Once it’s done incubating, move it straight into the fridge. Don’t wiggle it, don’t peek. Just put it in the fridge, and leave it there for 4 hours. Then it’s done. It’s so fun opening it up when it’s all done.
One of my twins came downstairs while I was taking this picture. She said, “Mom! I love that kind of yogurt so much! When I wake up from my nap, can I have that same yogurt, with the same stuff, and the same bowl?”
She’s almost 4 and still naps everyday. She can have whatever she wants!
1 Gallon of Milk
3/4-1 1/2 cup sugar (totally a preference thing! I didn’t like it without as much sugar)

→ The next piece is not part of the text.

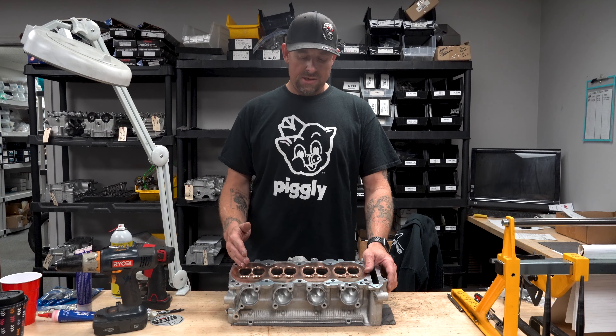It doesn't matter who ported your cylinder head — whether we did it here in-house or if you had another company do it — we can match-port your head to our skull and our chamber mod. The biggest thing we wanted to show you guys is that it's available now, and it's definitely a dry application only at this point in time.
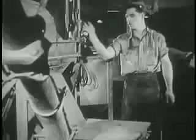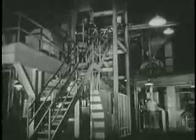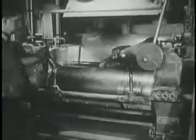Now all is ready and the Banbury mixer rolls. Inside this huge machine, three stories tall, the mixture is heated to the melting point, whipped and stirred and beaten until it is thoroughly mixed to a dough-like consistency. The hot mixture falls out on great rollers where it is kneaded and rolled into a long, flat sheet.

2 Tbsp-4 Tbsp Vanilla (another preference thing, I use 2 Tbsp of the expensive vanilla, and double the cheap stuff)
6-8 ounces of a good vanilla yogurt
Heat up a gallon of milk to 190 degrees, keep it there for 10 minutes. Then put it into an ice bath. This is when you’ll add the sugar, vanilla, and yogurt starter. Whisk it up a little, and when it’s at 120 degrees, pour it into canning jars.
Then put the closed jars into a cooler. Add 120 degree water up to the top of the jars. Then keep them there for about 8 hours. You can play around with this time. It’s actually really forgiving.
Then put straight into the fridge for 4 hours.